On Friday's CNN Tonight, Don Lemon hosted a panel discussion of why most white women voted for Donald Trump that was stacked three to one against conservatives.
Liberal contributor Kirsten Powers argued that such women must be "racist" because they voted for Trump, while UC Berkeley Professor Stephanie Jones-Rogers argued that women have long benefited from "white supremacy" even while being "oppressed" by white men. Alice Stewart was the exception to the liberal rule.
At 11:27 p.m. Eastern, after Lemon began by asking Powers her view, she recalled: "People will say that they support him for reasons other than his racist language."
She soon added: "And they'll say, 'Well, I'm not racist. I just voted for him because I didn't like Hillary Clinton.'"
The CNN contributor insinuated that everyone who voted for Trump is racist as she continued: "And I just want to say that's not -- that doesn't make you not racist. It actually makes you racist. If you support somebody who does racist things, that makes you racist. So I just want to establish that."
She then asserted that white women are "oppressed" and lamented that they would not therefore support other "oppressed people." Powers:
I think we have to recognize that white men are doing it as well, but sometimes I think that we would hope that we would get better behavior from white women because white women are themselves are oppressed and that they would be able to align themselves with other oppressed people.
I think we have to remember that the white patriarchal system actually benefits white women in a lot of ways, and they are attached to white men who are benefiting from the system that was created by them, for them. And their fathers and their husbands and their brothers are benefiting from the system, and so they are also benefiting.
A couple of weeks ago, Powers notably commented that "white men are very violent and a problem."
Lemon soon turned to Professor Jones-Rogers and quoted her on women supporting "white supremacy." Lemon:
You're quoted in this Vox article as saying that, for centuries, white women have "invested in white supremacy because their whiteness affords them a particular kind of power that their gender does not." What did you mean by that?

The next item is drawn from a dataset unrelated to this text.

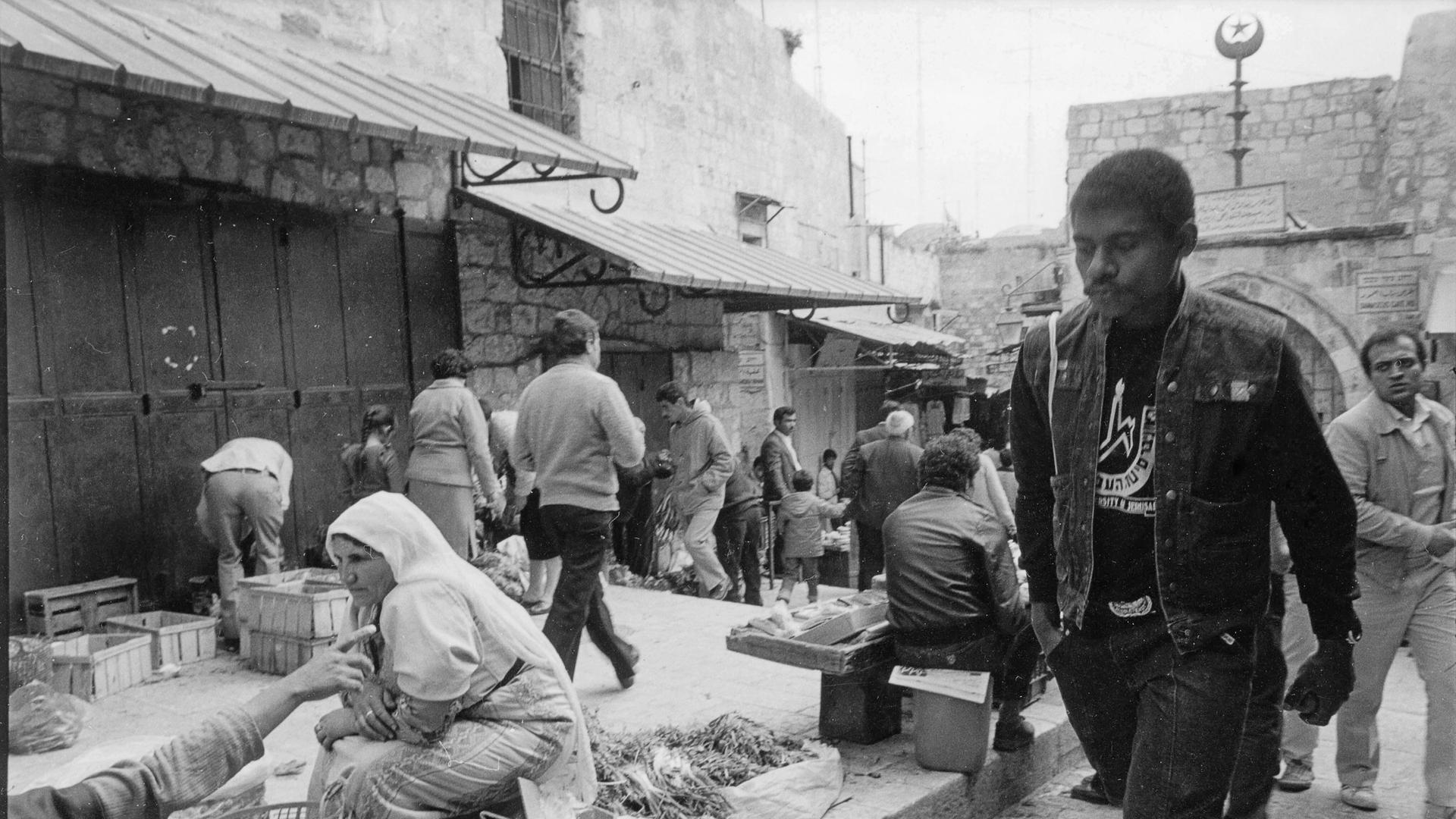 Historische Schwarz-Weiss Fotografie mit einer Straßenszene aus Jerusalem. Ein junger schwarzer Mann in Jeansweste geht entlang einer Marktraße.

As she responded, she made a similar claim as Powers about women benefiting from "white supremacy." Jones-Rogers:
We tend to think of white women primarily focusing on gender oppression -- that because they are oppressed as women, that that oppression will allow them to ally and to sympathize with other dispossessed and other disempowered peoples in the nation.
But my research actually shows that they long had deep investment in white supremacy, and not only did they benefit from it, but they participated in its construction and its perpetuation -- not just in the context of slavery, not just in the colonial period, but well after slavery was over.
Stewart strongly disagreed with the notion that she was oppressed and added "Let me just say this Kirsten is a dear friend of mine but I resent she says I'm racist because Donald Trump says racist things."